My efforts for a German-English understanding were no less
strong, indeed I wanted friendship between Germany and England.
I have never opposed British interests. Unfortunately, I had
regularly to deal with English assaults on Germany's interests,
even in areas that were of no significance at all to England.
A goal of my life has been to bring the two nations together,
both from reason and sympathy. The German people supported me
in these endeavors. My efforts failed only because of a distressing
enmity on the part of some British statesmen and journalists
who did not conceal their aim, which we cannot understand, to
wage war against Germany once again at the first opportunity.
The less factual foundations these men had, the more they
sought to conceal themselves with empty phrases and claims. I
still believe even today that true peace in Europe and the world
can result only when Germany and England are in agreement. This
conviction has often led me in the past to attempt to reach an
understanding. If it does not happen, it is really not my fault.

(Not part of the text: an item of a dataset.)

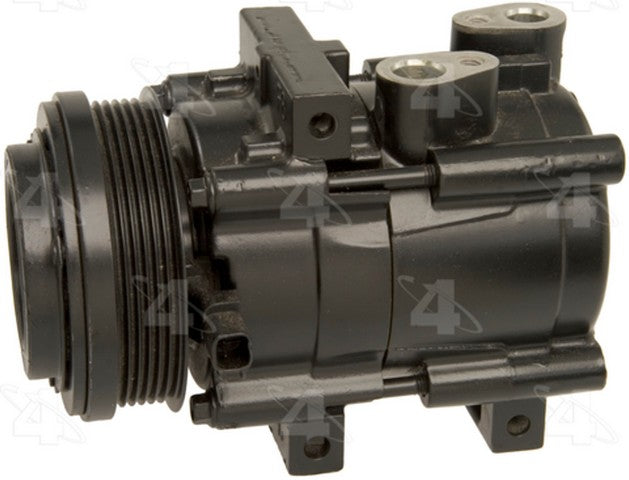 Four Seasons A/C Compressor P/N:67188 Fits: Ford Explorer 10-06, Ford Explorer Sport Trac 10-07, Mercury Mountaineer 10-06 - Image 1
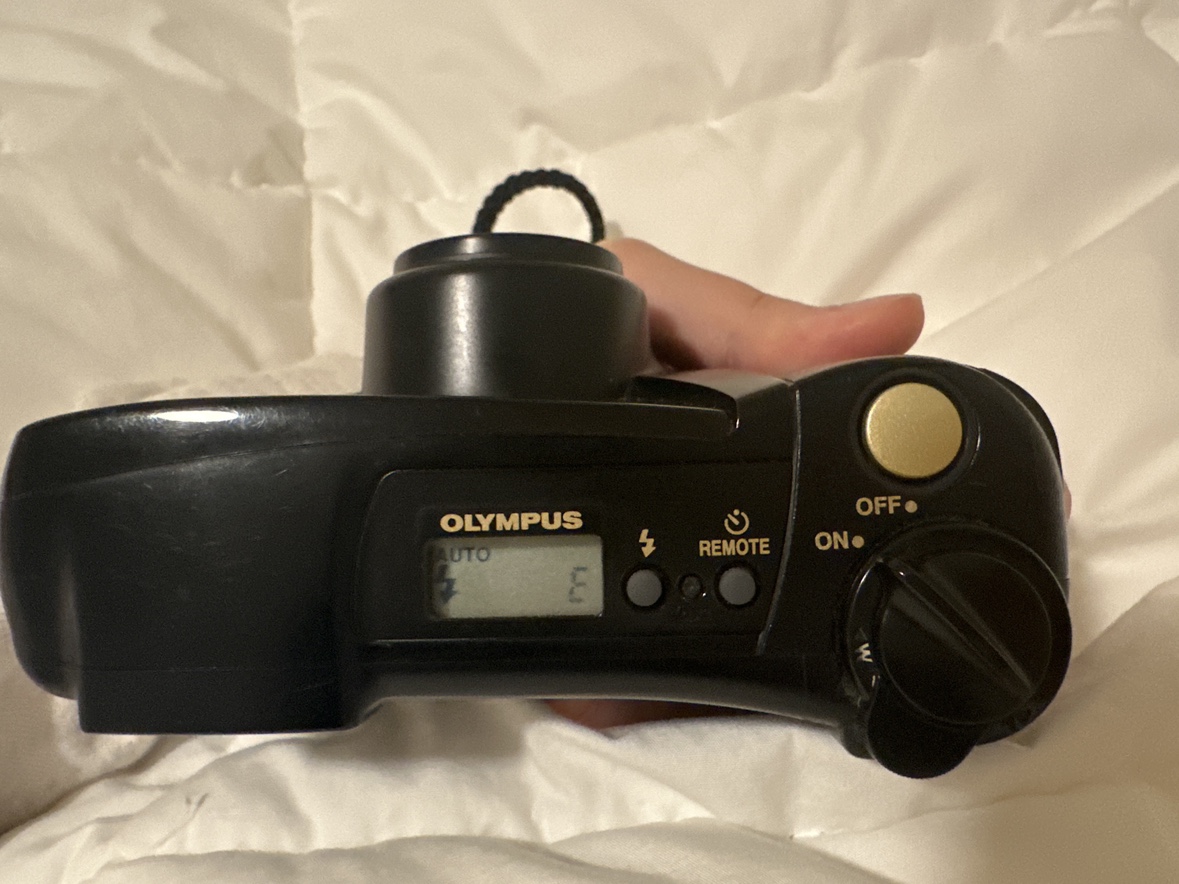 Olympus superzoom 800 Film Camera - photo 3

Anyone who doubts the Führer's assurances despite his
repeated statements should be persuaded by his astonishing acceptance
of the well-known naval accord with England. Germany declared
in this naval accord that it was willing to restrict its fleet
to a size one third that of the English navy. Even Germany's
greatest enemy could hardly fail to see the willingness to restrict
our fleet to 35% of England's as the Führer's desire to
avoid an armed conflict with England. As the Führer said,
Germany was certainly able to build more warships, but wanted
to prove to the English people that there were no hostile intentions
on Germany's side.
England has no alternative but to admit that its present advantage
in surface ships was gained by shameless deception. By the way,
the past weeks have shown how exaggerated England's claims of
"ruling the seas" are. Our courageous submarines and
flyers within the first weeks of the war sunk the largest British
ships, the aircraft carriers "Courageous" and "Ark
Royal," as well as the battleship "Royal Oak,"
and will see to it in the future that England's fleet will cower
like rats in their holes.
We are used to such things on England's part. Certain English
statesmen, above all the untiring warmonger Churchill, etc.,
have opposed any efforts at improving German-English relations.
They have dragged the Führer's words through the mud, and
twisted and distorted them. Now they are carrying on an unprecedented
campaign of lies against Germany.
They began a war against the German people for no good reason,
and now are trying to blame Germany for it. Supposedly it was
"sympathy" for a threatened Poland that led them to
give free reign to the promotion of a new war. It was supposedly
this "sympathy" that led them to offer Poland their
generous support and to leave it to this state to start the war
when it chose. Without success, they have tried to persuade the
world of the opposite through a flood of lies. The facts are
too clear, and cannot be contradicted even by the biggest lies
of English warmongers.
The Führer's Efforts to Solve the Problems in the
East
The following factual material proves how Germany and the
Führer did everything up to the last possible moment to
resolve the Polish question peacefully. and how Polish insanity
on the one hand and the British warmongers on the other hand
hindered any peaceful solution.
1. Consider the proposal to the Reichstag on 28 April to resolve
the pressing questions on our Eastern border through a 25-year
nonaggression pact.
The answer:
Poland rejected friendly relations with the Reich. England
replied to Germany's peace efforts by supporting and whipping
up Polish expansionism and desire for conquest.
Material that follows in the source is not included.